Así se llegó a un delirio económico difícil de explicar en cualquier manual: consumo financiado en cuotas interminables y ahorro penalizado; electrodomésticos pagados en doce pagos y propiedades al contado, cuando se podía. Lo absurdo dejó de ser excepción y se volvió sistema. Mientras el Estado emitía, regulaba y castigaba, la sociedad hacía equilibrio para no caerse del todo.

En ese escenario aparece hoy un intento de cambio que merece ser leído más allá de la técnica tributaria. El llamado Proyecto de Inocencia Fiscal propone algo disruptivo para la historia reciente argentina: invertir la carga simbólica. Partir de la idea de que el contribuyente no es un delincuente en potencia, sino alguien que actúa de buena fe. Que el control del Estado debe ser inteligente, proporcional y focalizado en quienes realmente dañan al sistema, no en el error menor o la formalidad imperfecta.

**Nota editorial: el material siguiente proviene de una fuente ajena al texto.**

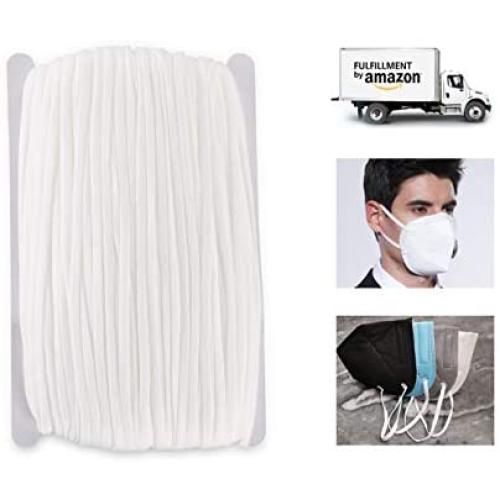 Hollosport Elastic String for Masks 1/4 Inch White, 100M Flat Soft Elastic Cord Rope Band for Craft Sewing, Prime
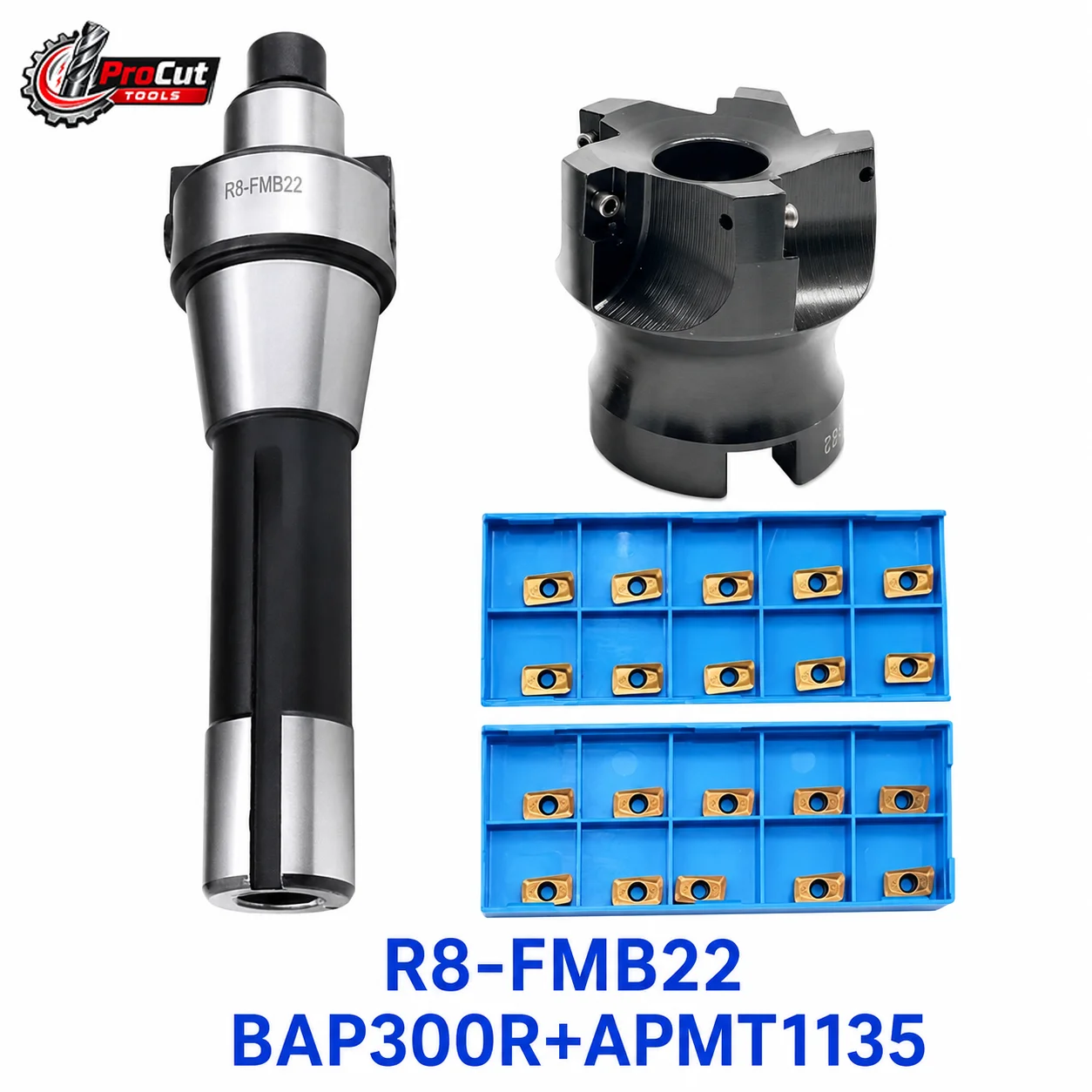1Set R8 FMB22(M12 7/16) Tool Holder+BAP300R Milling Cutter Head, 10PCS APMT1135 Carbide Inserts for CNC Milling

No se trata de un Estado ausente ni de barra libre. Es, en teoría, todo lo contrario: un Estado que deja de malgastar energía persiguiendo a quien cumple y concentra recursos donde hay fraude real. Menos burocracia automática, más criterio. Menos castigo reflejo, más inteligencia fiscal. Una corrección necesaria frente a décadas de desproporción, donde una falta administrativa podía convertirse en una pesadilla infinita mientras los grandes desvíos se diluían.

También hay un mensaje claro para quienes empiezan a sacar sus ahorros del escondite doméstico: proteger lo propio no fue un pecado, y formalizarlo no debería ser un vía crucis. Esa señal es clave si se pretende recomponer algo que la Argentina perdió hace mucho: la confianza.

Porque este debate excede largamente a los impuestos. Es cultural. Es político. Es, en el fondo, moral. Un país que trata a sus ciudadanos como enemigos termina obteniendo ciudadanos defensivos, desconfiados y replegados. Un Estado que respeta genera, con el tiempo, cumplimiento. No hay sistema tributario viable sin confianza, y no hay confianza posible cuando la sospecha es la regla.

La Inocencia Fiscal no es un indulto ni un olvido. Es una rectificación tardía. El reconocimiento de que fue el propio Estado, con sus malas decisiones, el que empujó a millones hacia la informalidad. Entender eso no garantiza el éxito, pero ignorarlo asegura el fracaso. Y a esta altura, la Argentina ya no puede darse ese lujo.